We need a rule for the cheers and jeers. The jeers are generally spontaneous outbursts reflecting the confines and limitations of motor vehicles, hence are non-sentient, impersonal and to be ignored. Cheers, obviously, are sincere expressions of respect and admiration for the commuter personally.
And one cycling tactic that deserves to be a rule, if not a law. Never should a commuter position himself to the right of a long vehicle in a right turn lane or in any lane in which the vehicle might turn right.
...if I may add my little bit here:
Rule # xx
In the eventuality of a fall, the most expensive, hard to find, impossible to tune component/add-on is always going to be the first thing broken, while the cheapest of the cheap, bargain basement, bought in a basket, components/add-on's will never have any damage.
Yeah, my latest commute route does not have nearly enough oversize vehicles operating at 20ish MPH. My old route had plenty along a 6-mile stretch and sometimes would even tempt me to wait at a red light to keep my "tow". There is nothing like whizzing along at near 25 mph effortlessly for five or six miles and arriving in the city grid rested and ready to run lights and split lanes the rest of the way in.
Up to 17 solid Rules. I'm surprised at the lack of controversy. It seems the Velominati have spent quite a bit of time debating whether the use of a small saddle bag is a violation of the rules. Are the Commutinati just better at achieving a consensus?
We don't seem to be very insistent about conformity and fashion. More about not caring than skill at reaching a consensus. Perhaps that's worthy of a negative rule?
As I was commuting this dark, torrential rain-swept, and leaf-strewn ride this morning, I recalled this rule for your consideration:
“If you cannot directly see the Road surface (due to a reflecting puddle, a pile of leaves, or whatever), a pothole may lurk.”
I learned this rule from two misfortunes, one personal, and one vicarious but fatal. It’s a specific corollary to Jim’s Law of the Road, Commutinati Rule #3a, and another argument to use a rearview mirror.

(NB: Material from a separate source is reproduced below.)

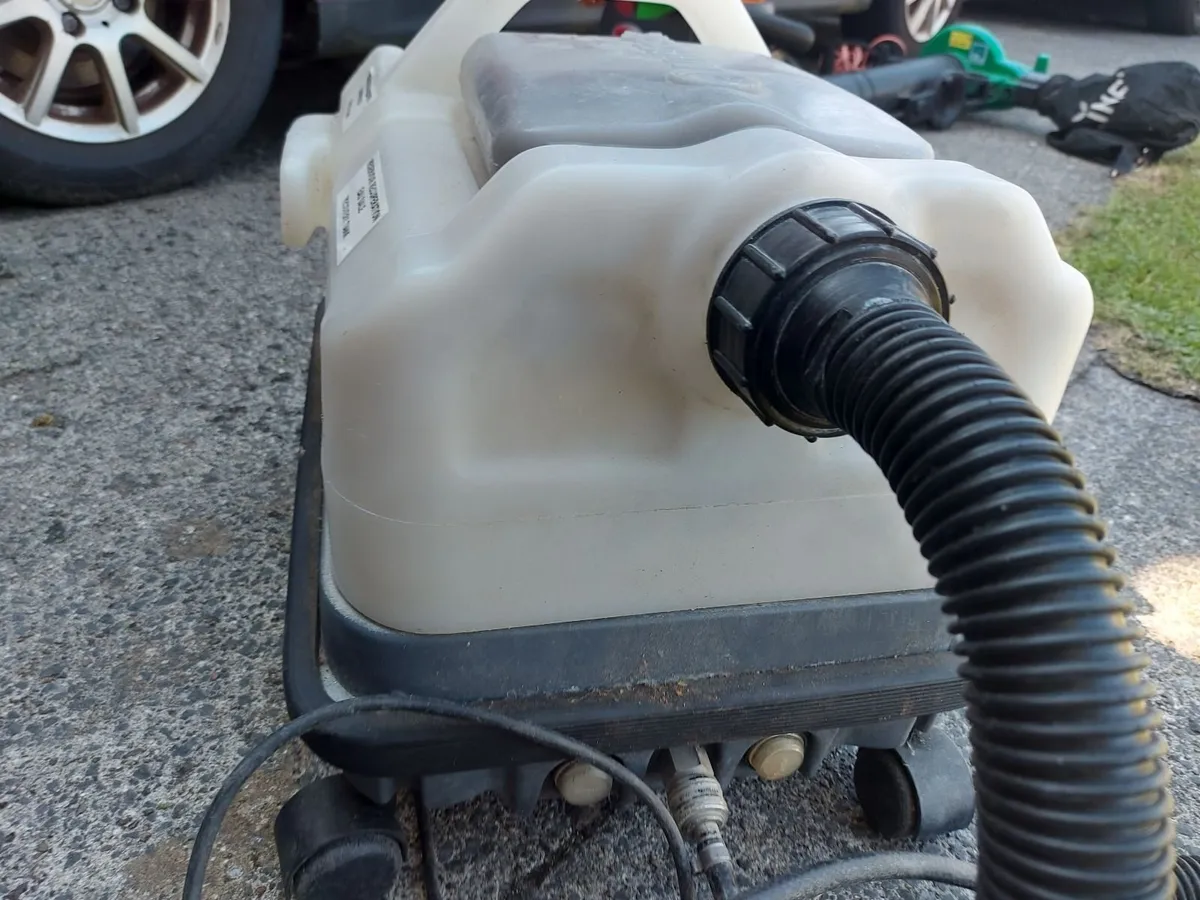 Nilfisk FR1512405001 AX9 Carpet Cleaner, 1000W - Image 4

Another wet weather aphorism is “Watch out for wet painted Road markings,” perhaps not worthy of a Rule, but a good admonition IMO.
PS: Re Rule #1 :
The last time I rode in such a drenching rain, about two years ago, I got so wet that I developed a presumed blister and subsequent abscess, “down there,” and was off the bike for two weeks. So if you ride in bad weather you may be a badass in more ways than one. :o
Rule # ___
As shared by my co-worker and fellow commuter James P., in praise of fenders for city bikes:
That puddle? It's urine. ALWAYS ASSUME IT IS URINE.
Probably also hiding a pothole.
To better characterize a baddass cold ride, I would offer this definition from the Winter Cycling Forum: One on which your water bottle freezes solid---a function of temperature and distance (time). For my 14 mile one-way ride, it happens at about 15* F and below.
what will the minimum number of rides per week be?
Since these Rules are to be a Complete Compendium to Keep Cyclists Safe, I would like to amend this proposed Rule:
I was prompted by this post, and my reply:
So I recommend adding this clause:
“Even if you can see the road surface at the bottom of a puddle, at freezing temperatures and especially without studded tires, it’s best to avoid all puddles.”
Hmm. I never had this problem on rides, but I spent a winter in a drafty home with broken-out windows and a malfunctioning heater near the base of Mt Shasta. If I left any water in cups or bottles in my bedroom (as in a water bottle on my bike) it'd be frozen solid when I woke up.
I have proposed this definition of a cold, “badass” ride on several different threads about winter riding, in particular those involved with eyewear to prevent fogging. Many subscribers enthusiastically endorse their solutions with no particular reference to their riding conditions, mainly temperatures and distance (time). So the time spent on the Road necessary to freeze a water bottle solid is a function of those two variables, and IMO defines a cold ride.